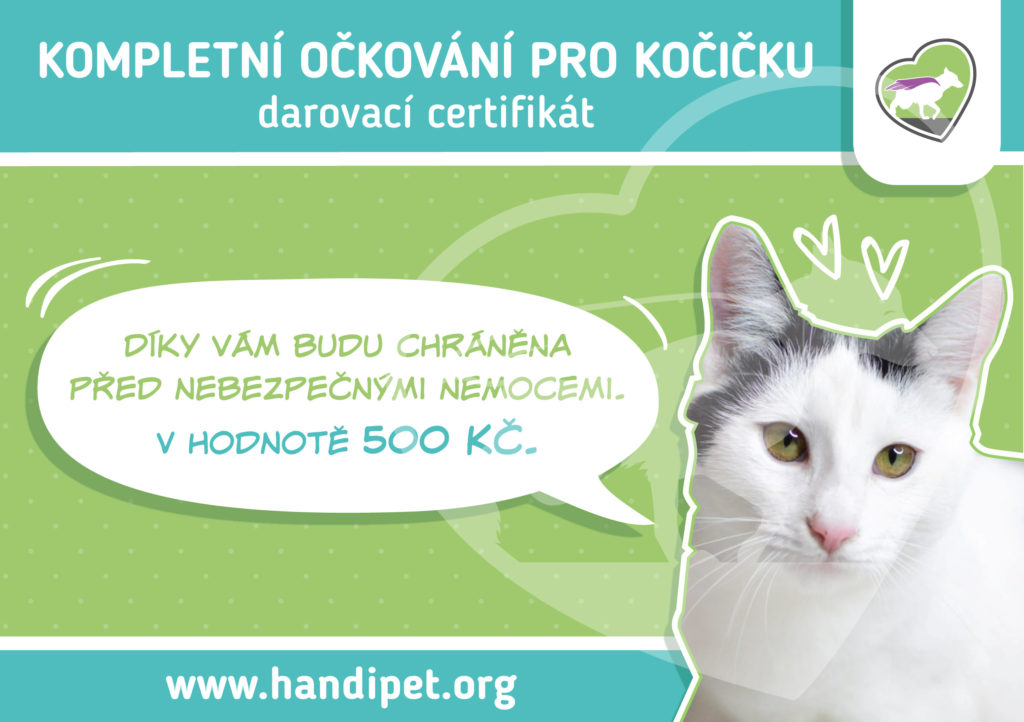 Certifikáty na pomoc kočičkám v nouzi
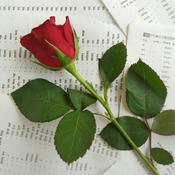 Podcast "Sin Palabras" (Poema)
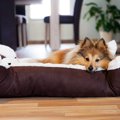 犬が『不快に感じる…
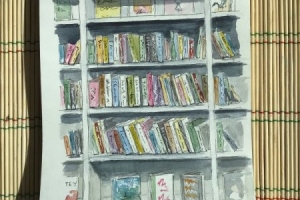 UBSK-Alnwick-Library-Sue-Dudill-Artist-Northumberland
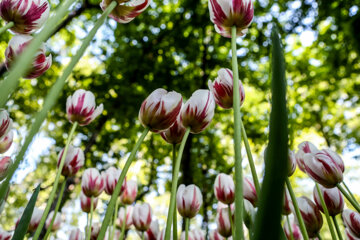 Coloridos tulipanes en el jardín iraní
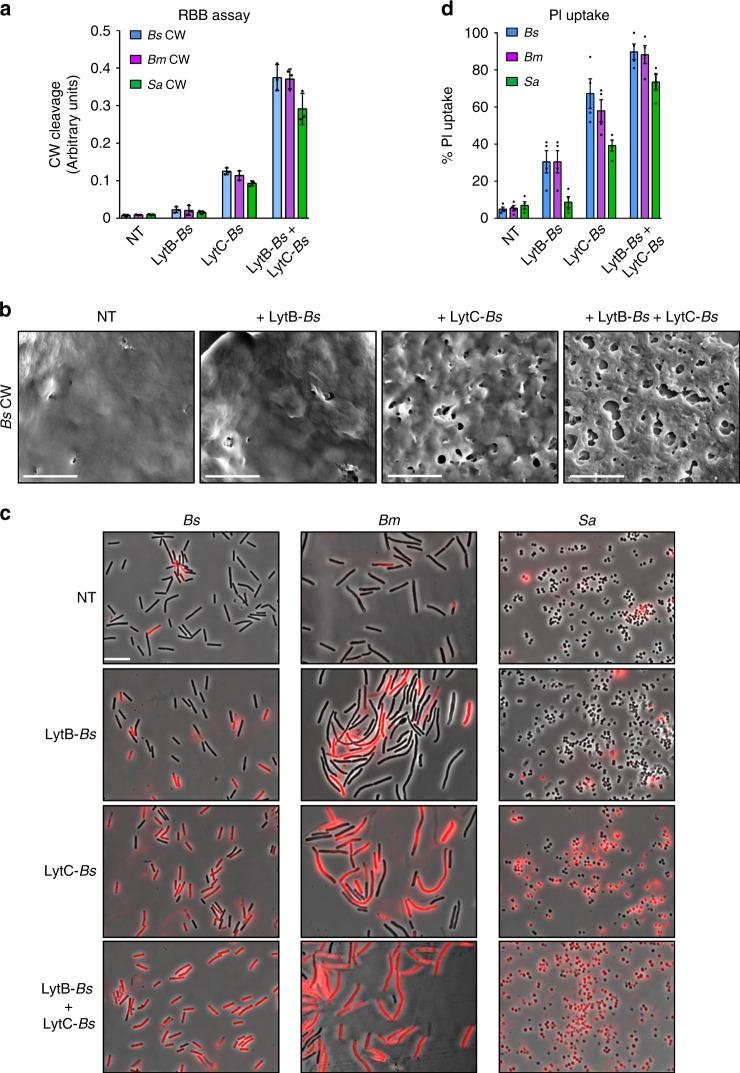 https://cdn.ncbi.nlm.nih.gov/pmc/blobs/7985/7176660/a668d53bc9fb/41467_2020_15605_Fig5_HTML.jpg
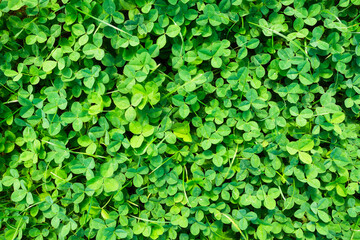 Clover background. Spring fresh grass and sunshine. Plants for the background. Photo for design and background.
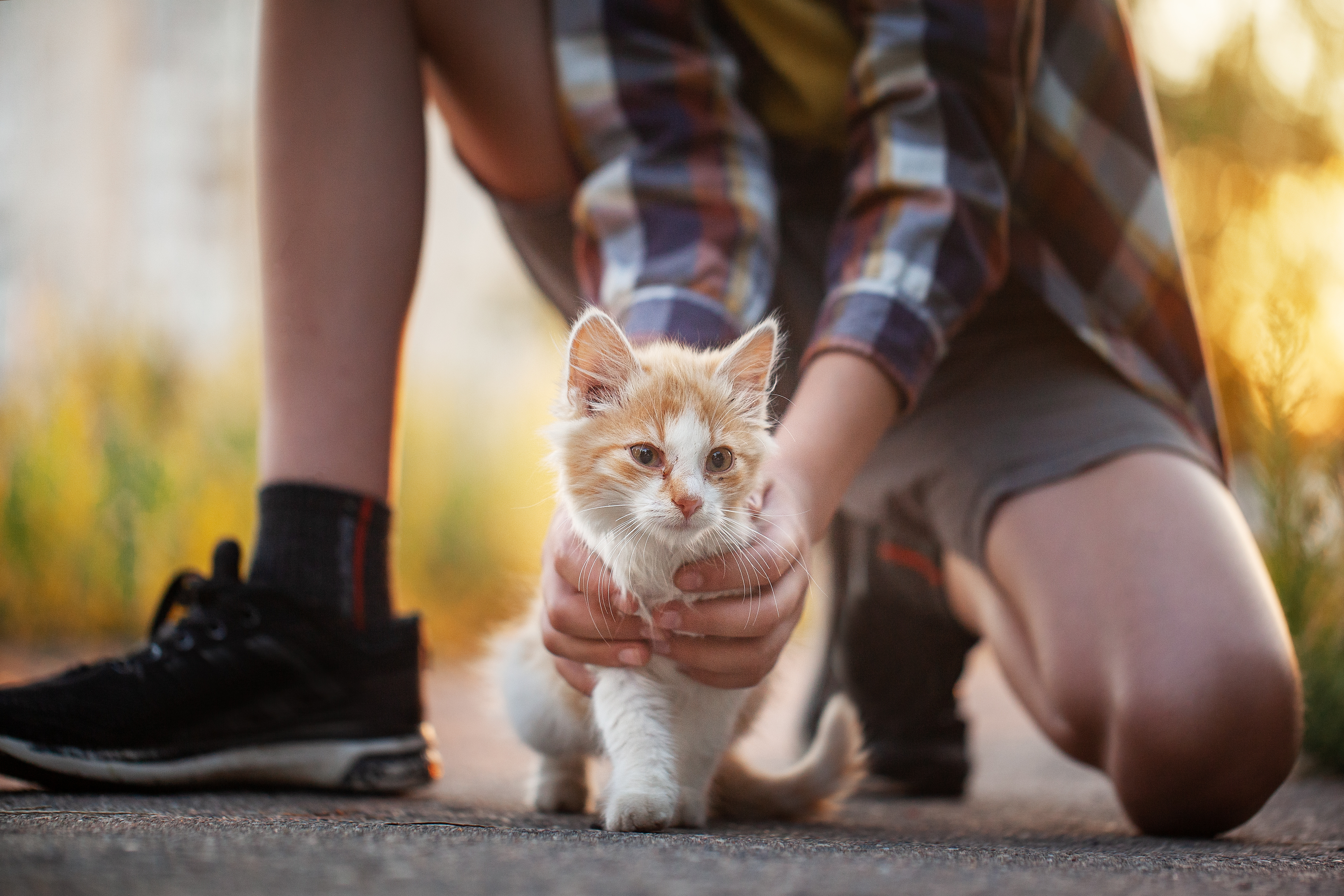 Un chaton et un enfant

Description of the task
Nothing but the lines from the one containing "Coloridos tulipanes en el jardín iraní" through the final line of the records, both included and copied exactly, should appear in the answer; pictures stay out.

Expected answer
 Coloridos tulipanes en el jardín iraní
 https://cdn.ncbi.nlm.nih.gov/pmc/blobs/7985/7176660/a668d53bc9fb/41467_2020_15605_Fig5_HTML.jpg
 Clover background. Spring fresh grass and sunshine. Plants for the background. Photo for design and background.
 Un chaton et un enfant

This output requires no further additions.